К весне я заболел. Не слушался бабушку, набрав полные валенки снега, лазил по сугробам, проваливался, валенки застряли с носками, я умудрился ещё и побегать босой, выпендриваясь перед Мишкой Кузнецовым. Бабушка безобразие записала подробно, хоть и не знала про снятие валенок. «
И вот болею, голова в жару, и жар то тяжёлый, то сладостный, и, конечно же, малиновое варенье, и морская зыбь чая в блюдце, и бабушкин голос, особый тон, который она будто специально держит для меня, больного, говоря коротко и немного торжественно. И мне будто и разрешается много, но и интерес ко мне особый, внимательный. И особое чувство заоконной жизни – она как сквозь ватный подбой доходит, и взрослые несут её с улицы мне в упрёк.
И вот сильней озноб, и вместе с жаром начинают клубиться шершавые бездны, наваливаются адские вереницы несметных чисел, меня мутит, и я рушусь в серые пупырчатые жернова, которые всё вращаются и вращаются, пока вращение не становится спиральным и не выносит меня отдышаться. И я ворочаюсь в потном облаке жара уже с наслаждением, и если начинаю о чём-то думать, то картины сами растут, наслаиваются и обретают необыкновенную горячечную притягательность. И я, конечно, представляю своих любимых хищных птиц, которых обожаю рисовать и которые мне нравятся своим грозным взглядом из-за нависающего надглазного козырька. И я тоже хмурюсь и очень хочу быть похожим на орла, особенно при Люде. Представляю и Люду, и как она бессознательно улыбается и поворачивает голову в сторону Кольки, когда он городит какую-то смешную грубятину.

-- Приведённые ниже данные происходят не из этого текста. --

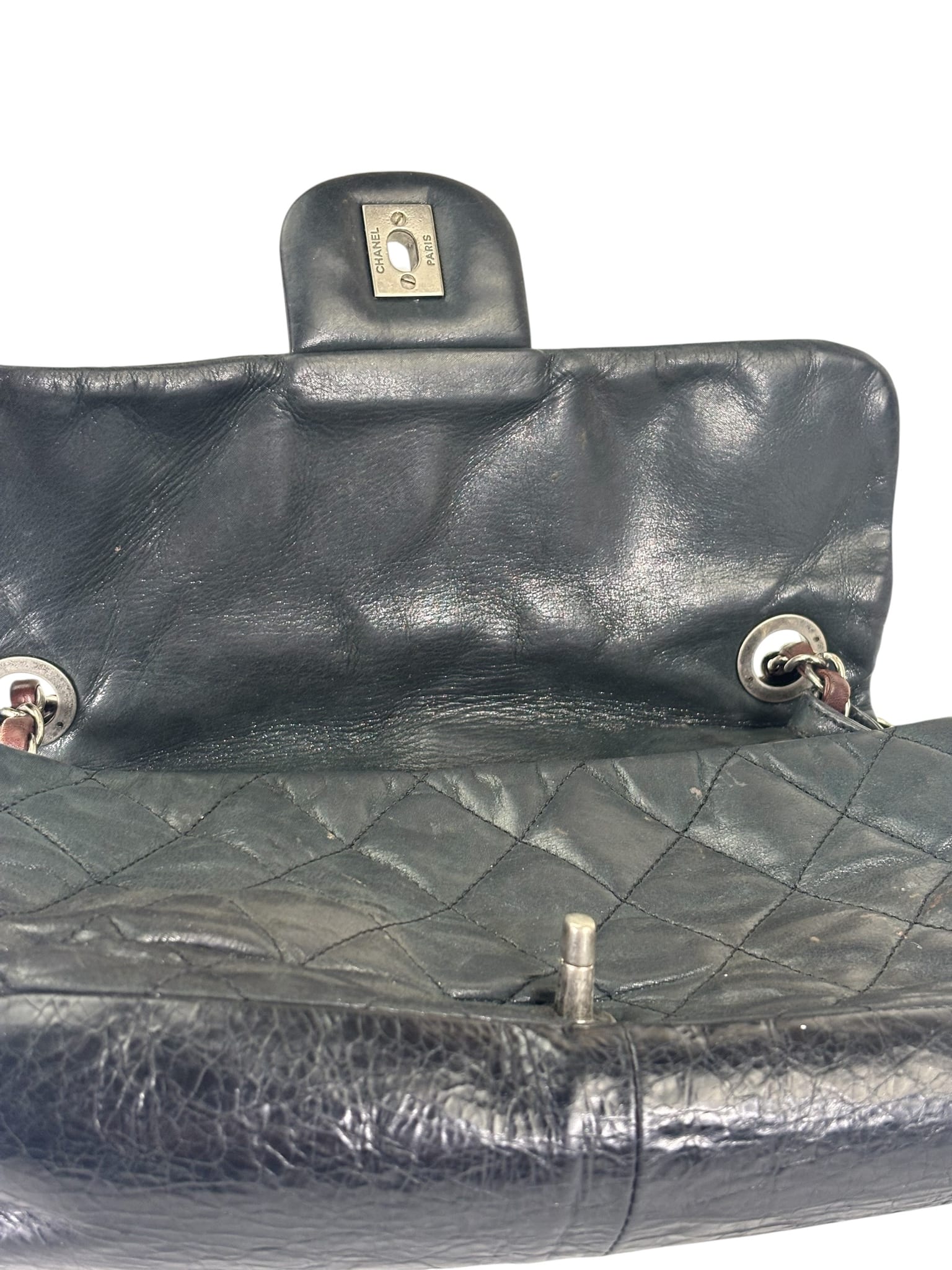 Chanel Black/Grey Quilted Calfskin Matelassè Iridescent Flap Bag 2009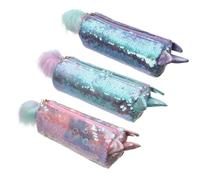 Gatuida 3Pc Transparent Sequin Pencil Cases Cartoon Makeup Pouch Stationery Organizer for School Office Compact Large Capacity Glittering Pink Green Purple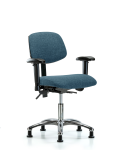 Fabric Chair Chrome - Desk Height with Adjustable Arms & Stationary Glides in Blue Fabric FDHCH-CR-T0-A1-RG-F43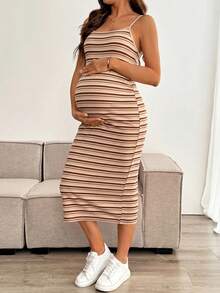 SHEIN 孕婦夏季休閒柔軟度假日常通勤拍照用配色條紋印花修身細肩帶洋裝 - 棕色 - 查看 4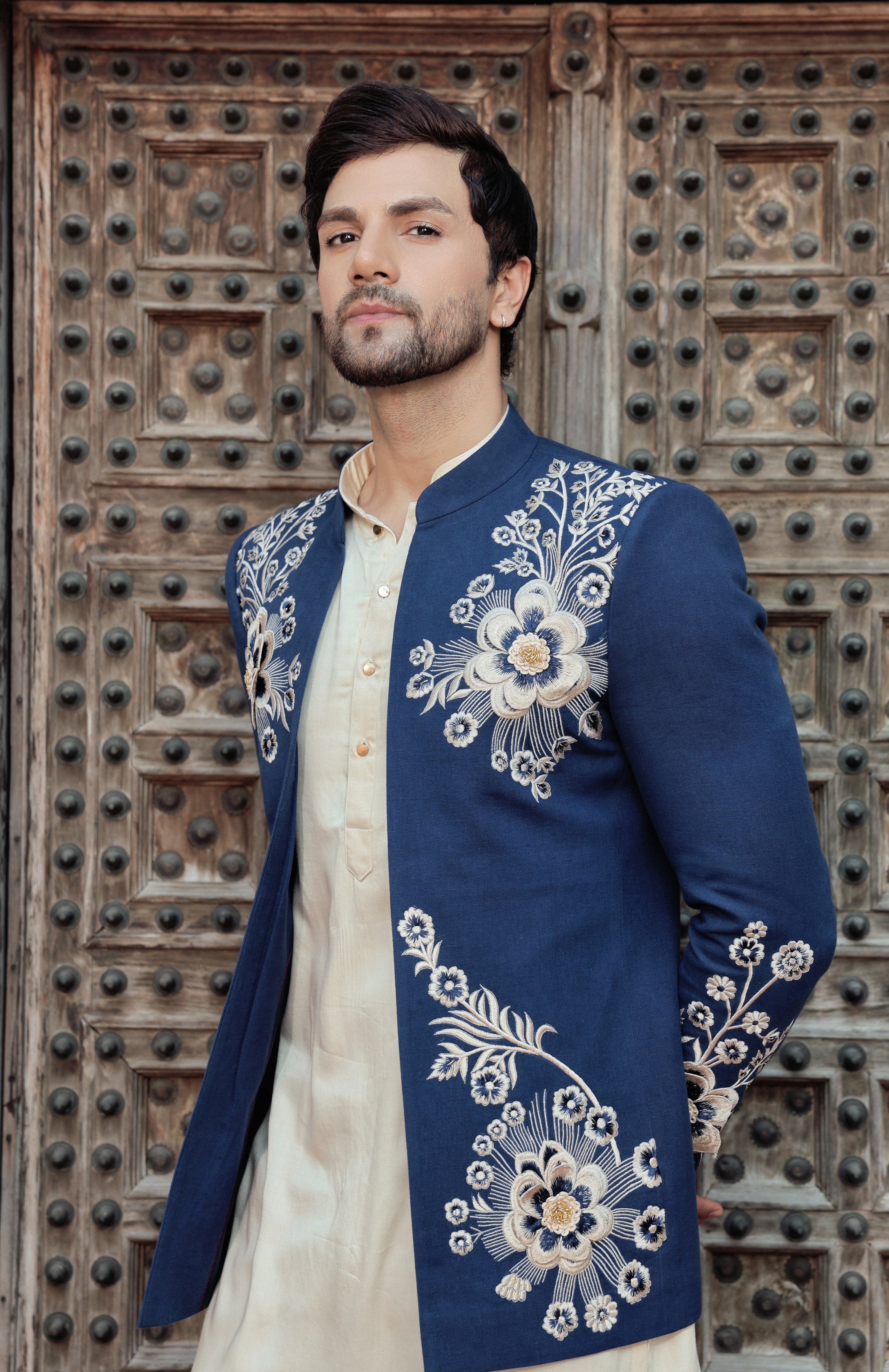 Blue Embroidered Open Jacket with Cream Kurta and Trousers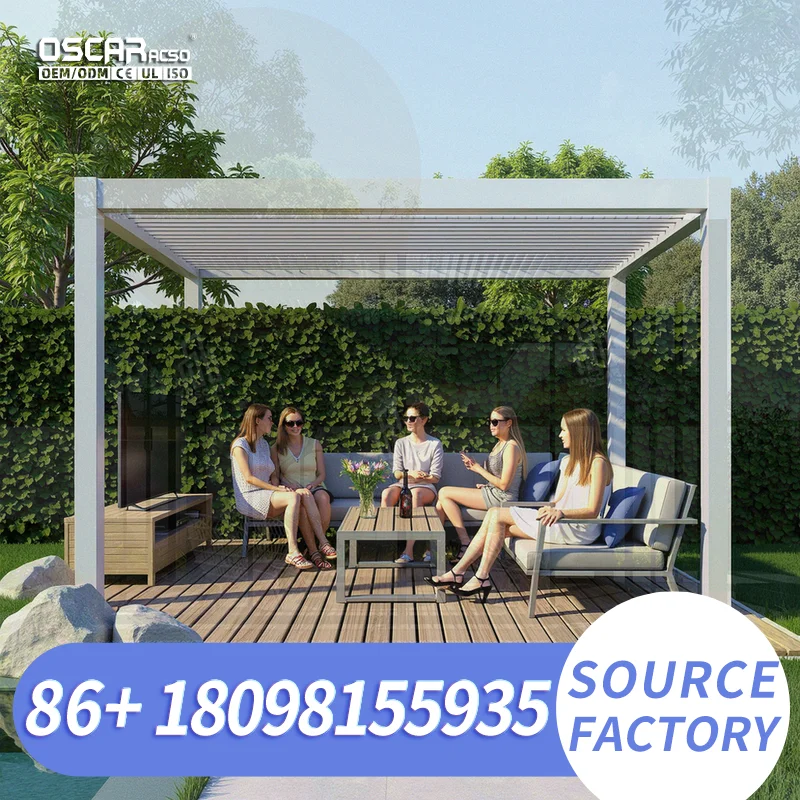 Motorized Aluminum Patio Pergola Bioclimatic Outdoor China Supplier Manufacturer for Gardens Patios Backyards pergola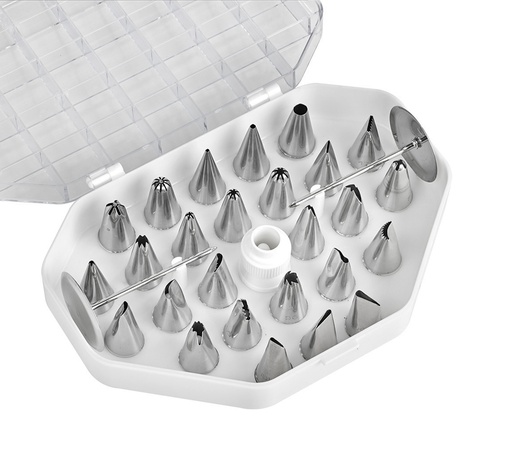 [02991] Mallard Ferrière Stainless steel fine-decoration piping nozzle set of 26 — 02991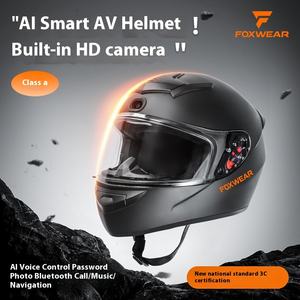 FOXWEAR Nuevo Casco Integral <span class=keywords><strong>de</strong></span> Motocicleta con Cierre Rápido, Material ABS, Cámara Integrada, Certificado DC - Product Image 3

Орёл садится на тополь. Я и в обычной-то жизни прекрасно чувствую тополя, а тут они буквально выдвигаются навстречу – утренние, ледяные, гладкие, как железная труба или промёрзшая кожа. Появятся и исчезнут, и снова вскипает варево жара, а когда малиново-чёрные клубы расступаются, вижу картину, по края наполненную спасительной крепостью, потому что в неё перешли чугунные ядра, катавшиеся в моей голове. В ней всё просто и прекрасно: два великолепно мёрзлых, прямых, как стрела, тополиных ствола.
Ствола два, а нас трое: Люда, Колька и я. Люда в синем пальто и в кружевном кокошнике. За тополями у забора остатки снега, у нас под ногами тополиные корни взламывают асфальт, и на них лежат два скворечника. Кто первый повесит скворечник, того и поцелует Люда Чистякова. Будучи первейшей руки знатоком птиц, я лучше всякого Кольки знаю, как лезть и вешать.
Утро ясное, к обеду пригреет, и клейкие, похожие на ос в меду, почки вот-вот набухнут на ветках, и я чувствую их острый горьковатый запах. Но пока рано и морозец. А по мёрзлому стволу особенно опасно лезть.
Неизвестно откуда появляется Нелли Григорьевна с остальным классом, болеющим, ясно, за Кольку. Нелли Григорьевна не разрешает мне лезть, но я рассказываю ей про мои летние залазы, и она сдаётся. Да и Колька рвётся, а он настолько влиятелен, что Нелли Григорьевна не может отказать. Удивительно, насколько она считается с его видностью, завораживается им. Таким никто ни замечаний не делает, ни к директору не вызывает, хотя Колька и троечник, как и я.
Я опережаю Кольку и лезу на тополь, и чувствую, как простреливает под коленками, когда нога соскальзывает с бугорка. Ствол гладкий, и на бугорки вся надежда. Главное – долезть до толстой ветки. Ярко вижу голый бледно-зелёный ствол, и опиленный отвилок на фоне синего неба.
Знаю, что Люда смотрит, и когда у меня снова соскальзывает нога, у неё вырывается нежное и испуганное: «Ахх!» Но я долезаю, сажусь верхом на развилку и победно поднимаю на верёвке скворечник… Колька с красным от злобы лицом карабкается по соседнему стволу и который раз бессильно сползает.
В разные залазы я то прибивал скворечник гвоздями, то привязывал за сук. И всегда труднее потом было слезть. Но я обнимаю мой тополь что есть силы, прижимаясь щекой к его промороженной шкуре – и небрежно сползаю на землю… спасибо тебе, брат-дерево.